When 18 nodes pegged my 80-core box at 100%
First bootstrap of 18 mesh nodes on an 80-logical-core workstation. Host CPU pegged at 100% the moment the bootstrap finished. Three obvious things to try first — mDNS off, gossip interval up, per-frame INFO spans down — got it from 100% to 35%. Still wrong. The real bug was somewhere else.
Bootstrapped the cluster. 18 nodes — two of each role per mesh, across two meshes, with two bridges. Hit Bootstrap at 14:51 local. Host CPU at 14:52 was 100% across all 80 logical cores. Five samples a second apart, all 100%.
The mesh worked. /api/topology came back with 19/19 live (the admin-ui plus 18 children). Each node's GossipDigest was arriving. The Topology view in the dashboard painted. Bytes were moving. Nothing was crashing.
It was just consuming the entire machine to do that.
What the first reading said
I'd expected ~10% host load. The two Xeon Gold 6148s in this box are not a small machine — 80 logical processors, hyperthreaded across two sockets. A handful of small Rust processes broadcasting 200-byte digests every 500ms should not be pegging the entire system. My mental model of "iroh-gossip at 18 nodes" was Bitcoin-territory: single-digit % per node.
The actual reading per-process via Task Manager:
| Node | CPU % | What I expected |
|---|---|---|
mesh-broker.exe × 4 | 0.66–1.52 each | ~0.05 |
mesh-gateway.exe × 4 | 0.72–1.32 each | ~0.05 |
mesh-compute.exe × 4 | 0.67–0.86 each | ~0.05 |
mesh-registry.exe × 4 | 0.63–1.80 each | ~0.05 |
mesh-bridge.exe × 2 | 0.82–0.83 each | ~0.05 |
mesh-admin-ui.exe × 1 | 3.44 | ~1.0 |
Add the column up: ~18% of the 80-logical box, before counting iroh-quinn's kernel-side work. Performance Monitor's \Processor(_Total)\% Processor Time showed 95–100% sustained. Something else was eating the headroom.

The shape of the cost — every process burning roughly the same amount regardless of how many peers it had — pointed at per-tick work rather than per-peer work. So I started with three suspects that fire on a clock.

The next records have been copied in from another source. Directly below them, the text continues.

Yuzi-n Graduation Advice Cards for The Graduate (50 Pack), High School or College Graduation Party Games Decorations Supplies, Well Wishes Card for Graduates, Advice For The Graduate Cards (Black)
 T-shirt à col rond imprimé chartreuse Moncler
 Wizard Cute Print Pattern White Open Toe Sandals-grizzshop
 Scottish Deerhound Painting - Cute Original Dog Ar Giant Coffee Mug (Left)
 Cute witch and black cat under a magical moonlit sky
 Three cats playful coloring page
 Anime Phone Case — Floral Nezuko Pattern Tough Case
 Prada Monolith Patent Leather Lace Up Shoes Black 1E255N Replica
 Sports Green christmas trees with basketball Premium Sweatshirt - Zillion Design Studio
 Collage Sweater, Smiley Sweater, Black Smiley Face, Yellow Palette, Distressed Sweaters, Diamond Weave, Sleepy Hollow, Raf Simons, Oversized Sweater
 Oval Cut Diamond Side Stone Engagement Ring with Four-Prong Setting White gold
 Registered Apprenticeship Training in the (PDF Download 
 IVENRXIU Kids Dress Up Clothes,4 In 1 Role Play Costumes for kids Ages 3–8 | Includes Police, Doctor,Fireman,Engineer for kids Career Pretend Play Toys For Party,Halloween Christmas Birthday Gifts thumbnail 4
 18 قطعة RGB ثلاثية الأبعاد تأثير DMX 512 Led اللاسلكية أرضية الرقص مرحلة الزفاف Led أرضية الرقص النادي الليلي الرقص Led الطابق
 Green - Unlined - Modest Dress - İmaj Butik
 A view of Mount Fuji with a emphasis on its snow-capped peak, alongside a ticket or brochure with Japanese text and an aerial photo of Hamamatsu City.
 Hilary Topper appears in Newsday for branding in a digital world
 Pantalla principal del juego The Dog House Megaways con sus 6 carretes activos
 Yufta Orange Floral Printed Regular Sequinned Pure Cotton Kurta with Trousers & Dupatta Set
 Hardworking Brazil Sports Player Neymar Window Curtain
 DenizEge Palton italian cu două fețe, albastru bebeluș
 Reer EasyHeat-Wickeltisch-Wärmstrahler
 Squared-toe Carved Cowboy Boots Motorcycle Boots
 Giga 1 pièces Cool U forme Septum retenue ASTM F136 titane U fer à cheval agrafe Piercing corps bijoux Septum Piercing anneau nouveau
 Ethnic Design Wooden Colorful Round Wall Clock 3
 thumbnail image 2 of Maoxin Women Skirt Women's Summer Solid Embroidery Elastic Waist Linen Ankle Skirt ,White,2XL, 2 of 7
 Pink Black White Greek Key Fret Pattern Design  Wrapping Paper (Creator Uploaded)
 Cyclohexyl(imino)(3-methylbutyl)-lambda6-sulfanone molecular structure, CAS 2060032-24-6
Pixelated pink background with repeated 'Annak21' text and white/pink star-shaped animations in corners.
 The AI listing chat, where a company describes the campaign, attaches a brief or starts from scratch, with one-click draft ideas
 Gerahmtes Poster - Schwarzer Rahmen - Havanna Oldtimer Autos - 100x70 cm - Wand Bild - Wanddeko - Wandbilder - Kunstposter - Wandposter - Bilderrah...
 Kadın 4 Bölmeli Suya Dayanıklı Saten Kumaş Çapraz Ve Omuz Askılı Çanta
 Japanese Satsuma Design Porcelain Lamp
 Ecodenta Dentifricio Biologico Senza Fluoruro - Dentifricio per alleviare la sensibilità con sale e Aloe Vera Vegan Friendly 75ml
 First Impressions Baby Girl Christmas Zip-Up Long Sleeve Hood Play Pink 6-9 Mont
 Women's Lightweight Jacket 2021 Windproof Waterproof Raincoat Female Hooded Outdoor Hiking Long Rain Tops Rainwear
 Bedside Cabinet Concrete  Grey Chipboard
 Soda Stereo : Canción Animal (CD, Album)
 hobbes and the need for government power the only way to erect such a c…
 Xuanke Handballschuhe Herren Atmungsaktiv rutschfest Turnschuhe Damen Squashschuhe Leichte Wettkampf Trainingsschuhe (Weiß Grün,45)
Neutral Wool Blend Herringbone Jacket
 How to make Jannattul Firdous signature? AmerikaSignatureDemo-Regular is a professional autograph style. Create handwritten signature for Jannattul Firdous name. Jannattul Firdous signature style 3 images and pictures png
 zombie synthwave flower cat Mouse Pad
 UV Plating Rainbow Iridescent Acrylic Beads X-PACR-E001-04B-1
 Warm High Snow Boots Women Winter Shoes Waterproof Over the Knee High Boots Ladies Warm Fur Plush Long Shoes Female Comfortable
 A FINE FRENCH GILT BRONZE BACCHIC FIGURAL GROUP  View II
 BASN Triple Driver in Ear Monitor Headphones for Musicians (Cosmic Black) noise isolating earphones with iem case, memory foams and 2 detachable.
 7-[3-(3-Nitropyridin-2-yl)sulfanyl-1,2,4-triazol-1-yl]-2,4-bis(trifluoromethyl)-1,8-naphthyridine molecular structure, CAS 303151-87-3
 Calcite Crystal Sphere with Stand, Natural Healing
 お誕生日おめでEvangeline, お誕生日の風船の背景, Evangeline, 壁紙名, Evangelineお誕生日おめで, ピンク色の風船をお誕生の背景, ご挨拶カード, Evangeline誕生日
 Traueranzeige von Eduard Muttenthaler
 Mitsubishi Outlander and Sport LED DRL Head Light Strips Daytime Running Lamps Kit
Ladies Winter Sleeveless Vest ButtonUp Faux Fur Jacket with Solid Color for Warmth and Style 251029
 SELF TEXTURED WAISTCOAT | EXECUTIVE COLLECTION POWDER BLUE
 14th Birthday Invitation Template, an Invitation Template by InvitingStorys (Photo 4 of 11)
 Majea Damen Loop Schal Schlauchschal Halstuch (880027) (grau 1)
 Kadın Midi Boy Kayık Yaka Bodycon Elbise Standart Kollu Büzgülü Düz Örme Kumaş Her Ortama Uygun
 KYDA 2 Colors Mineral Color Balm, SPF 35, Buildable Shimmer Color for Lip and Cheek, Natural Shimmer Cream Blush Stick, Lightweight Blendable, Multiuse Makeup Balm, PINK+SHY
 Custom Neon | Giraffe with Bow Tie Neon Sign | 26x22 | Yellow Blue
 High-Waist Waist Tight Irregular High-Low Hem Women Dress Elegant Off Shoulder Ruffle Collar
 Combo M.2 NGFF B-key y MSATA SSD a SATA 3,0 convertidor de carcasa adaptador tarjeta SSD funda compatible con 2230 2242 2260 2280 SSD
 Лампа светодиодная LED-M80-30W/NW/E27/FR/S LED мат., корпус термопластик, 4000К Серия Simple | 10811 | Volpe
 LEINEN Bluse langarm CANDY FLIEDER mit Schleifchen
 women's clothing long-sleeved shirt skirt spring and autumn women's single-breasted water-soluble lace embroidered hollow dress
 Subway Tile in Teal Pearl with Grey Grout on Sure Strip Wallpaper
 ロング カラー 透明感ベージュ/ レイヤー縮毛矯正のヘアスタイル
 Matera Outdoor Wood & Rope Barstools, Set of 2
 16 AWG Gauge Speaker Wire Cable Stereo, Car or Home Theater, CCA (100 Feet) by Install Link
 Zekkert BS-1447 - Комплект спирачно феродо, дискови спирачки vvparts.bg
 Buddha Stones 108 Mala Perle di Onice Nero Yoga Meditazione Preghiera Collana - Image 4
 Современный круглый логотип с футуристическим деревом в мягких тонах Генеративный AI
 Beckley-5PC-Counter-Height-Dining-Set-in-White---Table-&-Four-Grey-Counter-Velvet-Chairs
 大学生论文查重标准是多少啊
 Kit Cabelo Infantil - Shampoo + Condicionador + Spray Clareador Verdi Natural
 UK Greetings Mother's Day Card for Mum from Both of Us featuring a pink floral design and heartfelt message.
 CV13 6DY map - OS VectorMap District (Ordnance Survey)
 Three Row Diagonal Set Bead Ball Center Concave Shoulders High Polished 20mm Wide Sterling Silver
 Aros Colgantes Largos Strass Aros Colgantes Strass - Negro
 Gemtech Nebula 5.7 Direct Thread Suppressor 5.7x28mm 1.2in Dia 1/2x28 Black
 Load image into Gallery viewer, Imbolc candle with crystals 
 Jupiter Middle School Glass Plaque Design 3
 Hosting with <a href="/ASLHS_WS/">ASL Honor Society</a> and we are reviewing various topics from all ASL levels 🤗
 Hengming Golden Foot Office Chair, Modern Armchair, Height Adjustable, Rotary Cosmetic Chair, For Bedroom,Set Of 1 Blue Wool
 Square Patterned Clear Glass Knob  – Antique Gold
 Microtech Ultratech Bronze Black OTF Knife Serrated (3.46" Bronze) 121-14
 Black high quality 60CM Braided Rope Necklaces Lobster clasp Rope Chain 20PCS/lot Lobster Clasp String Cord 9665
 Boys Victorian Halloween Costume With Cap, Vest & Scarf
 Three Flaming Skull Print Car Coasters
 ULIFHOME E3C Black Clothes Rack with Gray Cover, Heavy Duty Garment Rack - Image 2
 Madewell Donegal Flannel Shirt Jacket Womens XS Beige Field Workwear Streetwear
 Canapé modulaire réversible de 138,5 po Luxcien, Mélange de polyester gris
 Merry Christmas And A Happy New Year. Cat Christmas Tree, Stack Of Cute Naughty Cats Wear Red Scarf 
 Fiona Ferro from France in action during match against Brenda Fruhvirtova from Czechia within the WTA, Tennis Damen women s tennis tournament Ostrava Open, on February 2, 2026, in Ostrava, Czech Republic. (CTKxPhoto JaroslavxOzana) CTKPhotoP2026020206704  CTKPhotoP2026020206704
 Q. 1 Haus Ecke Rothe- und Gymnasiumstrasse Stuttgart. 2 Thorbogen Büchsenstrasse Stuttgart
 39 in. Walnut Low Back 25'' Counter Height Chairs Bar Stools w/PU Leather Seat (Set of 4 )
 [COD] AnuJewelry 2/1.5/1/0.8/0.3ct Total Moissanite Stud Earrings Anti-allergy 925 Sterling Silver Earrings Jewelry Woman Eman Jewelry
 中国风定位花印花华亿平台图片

Three obvious things to try
1. Turn off mDNS
iroh-mdns was discovering every node on the local network and adding it to the active peer set. On a single box, that means 17 mDNS-announced peers per node — each one getting a QUIC handshake, each one getting added to HyParView's active view (which should be ~5, not 17). I had a hunch that the cluster was forming a full mesh rather than a sparse spanning tree.
MESH_MDNS_ENABLE=false, with explicit seed nodes injected at spawn time (admin-ui as the universal seed, plus 1–2 already-spawned same-mesh peers). Each child boots, dials its seeds, and lets HyParView shape the rest from there.
2. Slow the gossip cadence
MESH_GOSSIP_INTERVAL_MS was 500. At 18 nodes that's 36 broadcasts/sec across the cluster. For a control-plane heartbeat, that's overkill — Kafka's KRaft heartbeats every 1–3 seconds and considers a broker dead after 9 missed cycles. There's no reason substrate health needs 2 Hz granularity.
Bumped to 2000ms. 9 broadcasts/sec cluster-wide. Plumtree's IHAVE retransmits handle any actual loss.
3. Demote per-frame INFO spans to TRACE
This one I caught by reading the stdout. Every received gossip digest fired a tracing::info_span!("mesh.gossip.received", ...). With Plumtree's eager-push fanout, each digest arrives at a node ~17 times (once per peer in the active view, before lazy IHAVE deduplicates). At 36 broadcasts/sec × 17 fanout × N nodes, the cluster was producing ~2,600 INFO-level events per second.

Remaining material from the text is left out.